Il Comune può limitare l'uso delle strutture alle attività sportive, ma deve farlo in modo neutrale e generale, non vietando solo le attività religiose, perché questo apre la porta a possibili discriminazioni. Gli esperti di diritto costituzionale consultati da Omnes spiegano che un Comune può limitare l'uso di un centro sportivo esclusivamente alle attività sportive o vietare alcuni eventi per ragioni oggettive come la salute pubblica o il rischio per le strutture. Ciò che non può fare è porre un veto a un'attività per motivi religiosi o discriminare tra le confessioni: se è autorizzata una messa cattolica, deve essere consentita anche una preghiera islamica, e viceversa. Questo principio di neutralità e non discriminazione è tutelato dall'articolo 14 della Costituzione e dalla Legge organica sulla libertà religiosa.

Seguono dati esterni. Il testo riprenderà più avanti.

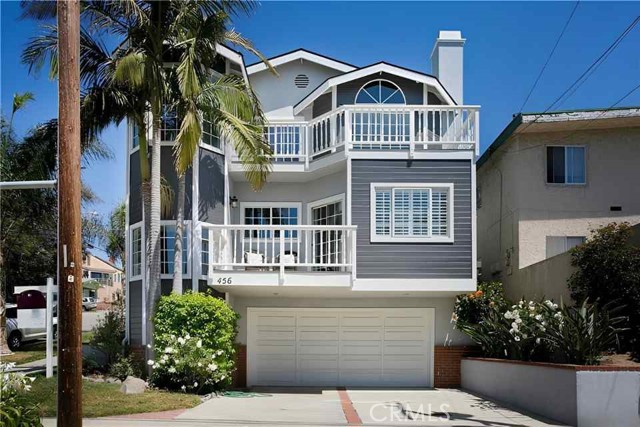 Front Residence - Front View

Le obiezioni della CEE sottolineano il fatto che la sua dichiarazione si basa su un presupposto errato: non ha vietato una processione o un evento sulle strade pubbliche, ma un'attività religiosa all'interno di un edificio comunale, dove l'autorità locale ha la discrezionalità di decidere sul suo utilizzo. Allo stesso modo, il Consiglio potrebbe negare una messa in questi locali per gli stessi motivi. In questo senso, la libertà religiosa (art. 16 CE) non implica un diritto automatico di utilizzare qualsiasi spazio pubblico per atti di culto, ma piuttosto il divieto di discriminazione e l'obbligo di giustificare le limitazioni con criteri oggettivi e non ideologici.

La controversia mette quindi in luce la sottile linea di confine tra la garanzia dei diritti fondamentali e l'esercizio dei poteri di gestione dei beni pubblici, sottolineando la necessità di una precisione giuridica in un dibattito dalle evidenti implicazioni sociali e politiche.